Chapter 4, Problem 4.24P

(a)

Interpretation Introduction

Interpretation:

The mass $\left(\text{g}\right)$ of solute needed to make $475\text{ mL}$ of $5.62\times {10}^{-2}M$ potassium sulphate is to be calculated.

Concept introduction:

Molarity $\left(M\right)$ is one of the concentration terms that determine the number of moles of solute present in per litre of solution. Unit of molarity is $\text{mol/L}$.

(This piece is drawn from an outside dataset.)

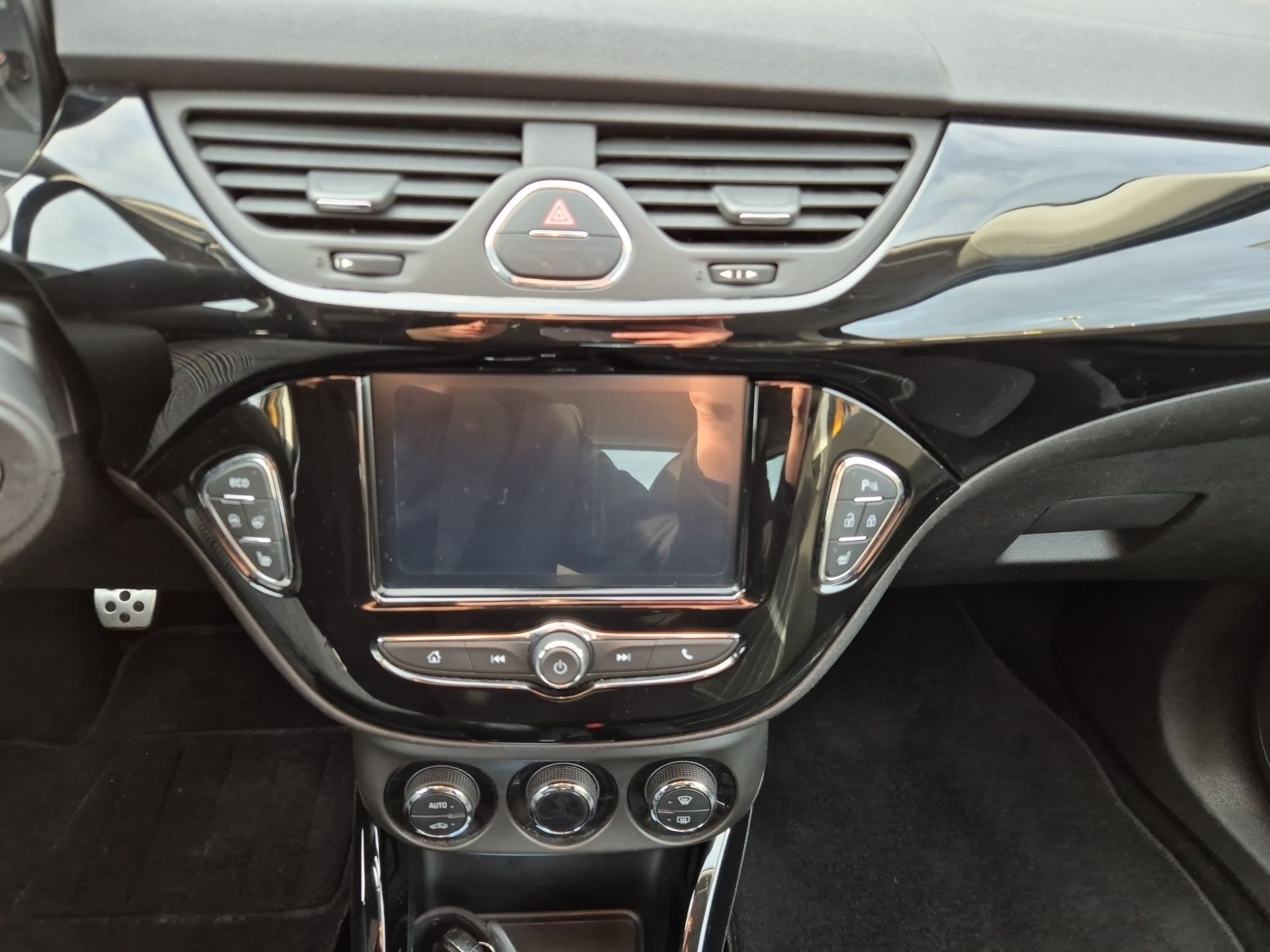 Corsa Color Edition 1.4 Turbo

The expression to calculate the moles of the compound when molarity of solution and volume of solution are given is as follows:

$\text{Moles of compound}\left(\text{mol}\right)=\left[\begin{array}{c}\text{volume of solution}\left(\text{L}\right)\\ \left(\frac{\text{molarity}\text{of}\text{solution}\left(\text{mol}\right)}{\text{1L of solution}}\right)\end{array}\right]$

The expression to calculate the amount of compound when moles of the compound and molecular mass are given:

$\text{amount of compound}\left(\text{g}\right)=\text{moles of compound}\left(\text{mol}\right)\left(\frac{\text{molecular mass of compound}\left(\text{g}\right)}{1\text{mole of compound}}\right)$

Answer to Problem 4.24P

The mass $\left(\text{g}\right)$ of solute needed to make $475\text{ mL}$ of $5.62\times {10}^{-2}M$ potassium sulphate is $4.65\text{g}$.

Explanation of Solution

The relation between $\text{mL}$ and $\text{L}$ is as follows:

$\text{1}\text{L}=\text{1000 mL}$

The expression to calculate the moles of potassium sulphate $\left({\text{K}}_2{\text{SO}}_4\right)$ is:

${\text{Moles of K}}_2{\text{SO}}_4\left(\text{mol}\right)=\text{volume of solution}\left(\text{mL}\right)\left(\frac{{10}^{-3}\text{L}}{1\text{mL}}\right)\left(\frac{\text{molarity}\text{of}{\text{K}}_2{\text{SO}}_4\left(\text{mol}\right)}{\text{1L of solution}}\right)$

Substitute $475\text{ mL}$ for the volume of solution and $5.62\times {10}^{-2}\text{mol/L}$ for molarity of ${\text{K}}_2{\text{SO}}_4$ in the above equation as follows:

$\begin{array}{c}{\text{Moles of K}}_2{\text{SO}}_4\left(\text{mol}\right)=475\text{ mL}\left(\frac{{10}^{-3}\text{L}}{1\text{mL}}\right)\left(\frac{5.62\times {10}^{-2}\text{mol}}{\text{1L of solution}}\right)\\ =0.026695\text{mol}\end{array}$

The molecular mass of potassium sulphate $\left({\text{K}}_2{\text{SO}}_4\right)$ is $\text{174}\text{.26 g/mol}$.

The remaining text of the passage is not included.